What the task requires: Reproduce each record exactly, leaving out no line.

Data:
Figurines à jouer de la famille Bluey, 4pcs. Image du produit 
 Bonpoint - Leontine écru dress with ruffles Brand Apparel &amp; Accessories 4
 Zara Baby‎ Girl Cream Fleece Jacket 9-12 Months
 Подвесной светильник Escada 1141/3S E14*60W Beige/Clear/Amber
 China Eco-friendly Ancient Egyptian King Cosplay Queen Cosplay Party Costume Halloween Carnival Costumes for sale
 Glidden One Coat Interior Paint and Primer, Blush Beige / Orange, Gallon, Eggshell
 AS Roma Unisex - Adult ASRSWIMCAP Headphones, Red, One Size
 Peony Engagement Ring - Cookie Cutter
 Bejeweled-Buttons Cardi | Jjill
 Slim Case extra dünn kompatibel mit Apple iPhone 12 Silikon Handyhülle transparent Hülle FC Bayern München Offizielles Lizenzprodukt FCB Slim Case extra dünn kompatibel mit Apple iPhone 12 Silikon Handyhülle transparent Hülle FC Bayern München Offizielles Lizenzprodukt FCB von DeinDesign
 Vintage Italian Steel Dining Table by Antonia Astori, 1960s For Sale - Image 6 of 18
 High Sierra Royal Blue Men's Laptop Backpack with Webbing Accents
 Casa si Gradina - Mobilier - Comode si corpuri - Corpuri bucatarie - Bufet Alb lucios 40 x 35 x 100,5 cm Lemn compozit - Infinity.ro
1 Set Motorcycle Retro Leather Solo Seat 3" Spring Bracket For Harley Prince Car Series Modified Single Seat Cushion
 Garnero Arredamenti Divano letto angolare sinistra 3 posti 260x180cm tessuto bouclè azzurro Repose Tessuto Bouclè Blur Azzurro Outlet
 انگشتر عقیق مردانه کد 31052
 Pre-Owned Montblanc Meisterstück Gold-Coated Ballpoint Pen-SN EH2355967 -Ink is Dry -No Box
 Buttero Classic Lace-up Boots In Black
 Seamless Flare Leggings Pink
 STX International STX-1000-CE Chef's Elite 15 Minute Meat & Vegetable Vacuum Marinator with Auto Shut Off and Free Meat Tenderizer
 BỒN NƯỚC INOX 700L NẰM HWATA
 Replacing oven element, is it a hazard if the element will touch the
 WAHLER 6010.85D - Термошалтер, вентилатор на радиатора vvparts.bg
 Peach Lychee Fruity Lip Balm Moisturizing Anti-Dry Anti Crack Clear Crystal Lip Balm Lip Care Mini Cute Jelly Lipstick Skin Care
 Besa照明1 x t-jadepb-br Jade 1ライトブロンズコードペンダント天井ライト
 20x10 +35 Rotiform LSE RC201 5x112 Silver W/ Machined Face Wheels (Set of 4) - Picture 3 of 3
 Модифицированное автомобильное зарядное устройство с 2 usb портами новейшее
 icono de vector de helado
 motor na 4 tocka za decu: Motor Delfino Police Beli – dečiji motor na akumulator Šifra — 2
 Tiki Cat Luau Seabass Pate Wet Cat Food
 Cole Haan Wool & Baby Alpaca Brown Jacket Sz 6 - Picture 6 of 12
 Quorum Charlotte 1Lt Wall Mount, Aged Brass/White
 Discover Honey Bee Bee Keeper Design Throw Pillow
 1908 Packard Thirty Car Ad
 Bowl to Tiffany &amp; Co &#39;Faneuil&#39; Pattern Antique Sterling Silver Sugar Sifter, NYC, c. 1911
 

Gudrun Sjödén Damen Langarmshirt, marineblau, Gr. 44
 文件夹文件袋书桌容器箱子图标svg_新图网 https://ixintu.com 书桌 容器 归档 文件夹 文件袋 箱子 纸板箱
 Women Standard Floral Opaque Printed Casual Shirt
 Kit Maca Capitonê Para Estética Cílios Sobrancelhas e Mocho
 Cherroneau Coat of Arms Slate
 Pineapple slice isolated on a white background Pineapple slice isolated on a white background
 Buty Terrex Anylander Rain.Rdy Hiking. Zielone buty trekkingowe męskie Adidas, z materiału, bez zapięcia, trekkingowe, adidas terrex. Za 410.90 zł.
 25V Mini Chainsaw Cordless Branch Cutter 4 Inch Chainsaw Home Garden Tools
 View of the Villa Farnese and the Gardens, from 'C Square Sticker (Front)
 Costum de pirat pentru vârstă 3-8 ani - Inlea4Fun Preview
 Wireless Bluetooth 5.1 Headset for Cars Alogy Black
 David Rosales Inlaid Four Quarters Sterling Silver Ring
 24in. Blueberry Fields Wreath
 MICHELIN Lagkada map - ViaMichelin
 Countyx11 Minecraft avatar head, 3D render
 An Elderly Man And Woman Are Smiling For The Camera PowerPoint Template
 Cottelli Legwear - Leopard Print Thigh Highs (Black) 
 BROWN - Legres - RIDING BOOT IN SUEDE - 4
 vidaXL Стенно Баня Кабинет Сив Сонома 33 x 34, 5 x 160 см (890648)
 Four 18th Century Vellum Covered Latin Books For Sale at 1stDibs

Reply to the exercise:
Figurines à jouer de la famille Bluey, 4pcs. Image du produit 
 Bonpoint - Leontine écru dress with ruffles Brand Apparel &amp; Accessories 4
 Zara Baby‎ Girl Cream Fleece Jacket 9-12 Months
 Подвесной светильник Escada 1141/3S E14*60W Beige/Clear/Amber
 China Eco-friendly Ancient Egyptian King Cosplay Queen Cosplay Party Costume Halloween Carnival Costumes for sale
 Glidden One Coat Interior Paint and Primer, Blush Beige / Orange, Gallon, Eggshell
 AS Roma Unisex - Adult ASRSWIMCAP Headphones, Red, One Size
 Peony Engagement Ring - Cookie Cutter
 Bejeweled-Buttons Cardi | Jjill
 Slim Case extra dünn kompatibel mit Apple iPhone 12 Silikon Handyhülle transparent Hülle FC Bayern München Offizielles Lizenzprodukt FCB Slim Case extra dünn kompatibel mit Apple iPhone 12 Silikon Handyhülle transparent Hülle FC Bayern München Offizielles Lizenzprodukt FCB von DeinDesign
 Vintage Italian Steel Dining Table by Antonia Astori, 1960s For Sale - Image 6 of 18
 High Sierra Royal Blue Men's Laptop Backpack with Webbing Accents
 Casa si Gradina - Mobilier - Comode si corpuri - Corpuri bucatarie - Bufet Alb lucios 40 x 35 x 100,5 cm Lemn compozit - Infinity.ro
1 Set Motorcycle Retro Leather Solo Seat 3" Spring Bracket For Harley Prince Car Series Modified Single Seat Cushion
 Garnero Arredamenti Divano letto angolare sinistra 3 posti 260x180cm tessuto bouclè azzurro Repose Tessuto Bouclè Blur Azzurro Outlet
 انگشتر عقیق مردانه کد 31052
 Pre-Owned Montblanc Meisterstück Gold-Coated Ballpoint Pen-SN EH2355967 -Ink is Dry -No Box
 Buttero Classic Lace-up Boots In Black
 Seamless Flare Leggings Pink
 STX International STX-1000-CE Chef's Elite 15 Minute Meat & Vegetable Vacuum Marinator with Auto Shut Off and Free Meat Tenderizer
 BỒN NƯỚC INOX 700L NẰM HWATA
 Replacing oven element, is it a hazard if the element will touch the
 WAHLER 6010.85D - Термошалтер, вентилатор на радиатора vvparts.bg
 Peach Lychee Fruity Lip Balm Moisturizing Anti-Dry Anti Crack Clear Crystal Lip Balm Lip Care Mini Cute Jelly Lipstick Skin Care
 Besa照明1 x t-jadepb-br Jade 1ライトブロンズコードペンダント天井ライト
 20x10 +35 Rotiform LSE RC201 5x112 Silver W/ Machined Face Wheels (Set of 4) - Picture 3 of 3
 Модифицированное автомобильное зарядное устройство с 2 usb портами новейшее
 icono de vector de helado
 motor na 4 tocka za decu: Motor Delfino Police Beli – dečiji motor na akumulator Šifra — 2
 Tiki Cat Luau Seabass Pate Wet Cat Food
 Cole Haan Wool & Baby Alpaca Brown Jacket Sz 6 - Picture 6 of 12
 Quorum Charlotte 1Lt Wall Mount, Aged Brass/White
 Discover Honey Bee Bee Keeper Design Throw Pillow
 1908 Packard Thirty Car Ad
 Bowl to Tiffany &amp; Co &#39;Faneuil&#39; Pattern Antique Sterling Silver Sugar Sifter, NYC, c. 1911
 

Gudrun Sjödén Damen Langarmshirt, marineblau, Gr. 44
 文件夹文件袋书桌容器箱子图标svg_新图网 https://ixintu.com 书桌 容器 归档 文件夹 文件袋 箱子 纸板箱
 Women Standard Floral Opaque Printed Casual Shirt
 Kit Maca Capitonê Para Estética Cílios Sobrancelhas e Mocho
 Cherroneau Coat of Arms Slate
 Pineapple slice isolated on a white background Pineapple slice isolated on a white background
 Buty Terrex Anylander Rain.Rdy Hiking. Zielone buty trekkingowe męskie Adidas, z materiału, bez zapięcia, trekkingowe, adidas terrex. Za 410.90 zł.
 25V Mini Chainsaw Cordless Branch Cutter 4 Inch Chainsaw Home Garden Tools
 View of the Villa Farnese and the Gardens, from 'C Square Sticker (Front)
 Costum de pirat pentru vârstă 3-8 ani - Inlea4Fun Preview
 Wireless Bluetooth 5.1 Headset for Cars Alogy Black
 David Rosales Inlaid Four Quarters Sterling Silver Ring
 24in. Blueberry Fields Wreath
 MICHELIN Lagkada map - ViaMichelin
 Countyx11 Minecraft avatar head, 3D render
 An Elderly Man And Woman Are Smiling For The Camera PowerPoint Template
 Cottelli Legwear - Leopard Print Thigh Highs (Black) 
 BROWN - Legres - RIDING BOOT IN SUEDE - 4
 vidaXL Стенно Баня Кабинет Сив Сонома 33 x 34, 5 x 160 см (890648)
 Four 18th Century Vellum Covered Latin Books For Sale at 1stDibs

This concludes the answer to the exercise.